J'en conclus que le CICE ne vous a pas servi de leçon, que vous continuez, pour reprendre la réponse que m'avait faite ici même Bruno Le Maire, à compter sur le bon sens des chefs d'entreprise, y compris ceux dont le seul critère de référence est le rendement de la rente capitaliste. Comment, au moins, n'avoir pas subordonné votre engagement à cette seule condition de bon sens : pas d'argent public pour les entreprises qui licencient tout en faisant des bénéfices !
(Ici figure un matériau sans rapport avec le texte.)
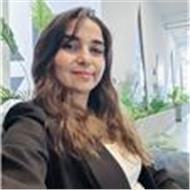 Damla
Emmanuel Macron comme Bruno Le Maire plaidaient, pendant le confinement, pour la relocalisation de nos entreprises. Fort bien, mais que faites-vous pour cela ? Aucune réforme structurelle n'est envisagée, alors que l'Union européenne organise un libre-échange interne qui permet à Bridgestone de toucher de l'argent pour ouvrir une autre entreprise en Pologne, comme l'a révélé Fabien Roussel.
Plutôt qu'une taxation aux frontières, vous préférez miser sur la compétitivité pour attirer les entreprises, ce qui se traduit par des baisses d'impôts, un moins disant fiscal et social dont nous n'avons rien à tirer. La réponse de Bridgestone, ou celle de Sanofi, qui touche le CICE tout en supprimant des postes de chercheur en France, ne vous alerte-t-elle pas ? Bref, cette politique de l'offre nous a déjà beaucoup coûté.
En matière de politique de la demande, le compte n'y est pas. Vous auriez au moins pu faire un geste en faveur des plus pauvres des Français, dont le nombre a explosé au point que le Secours populaire considère que la situation n'a jamais été aussi grave depuis la Seconde Guerre mondiale.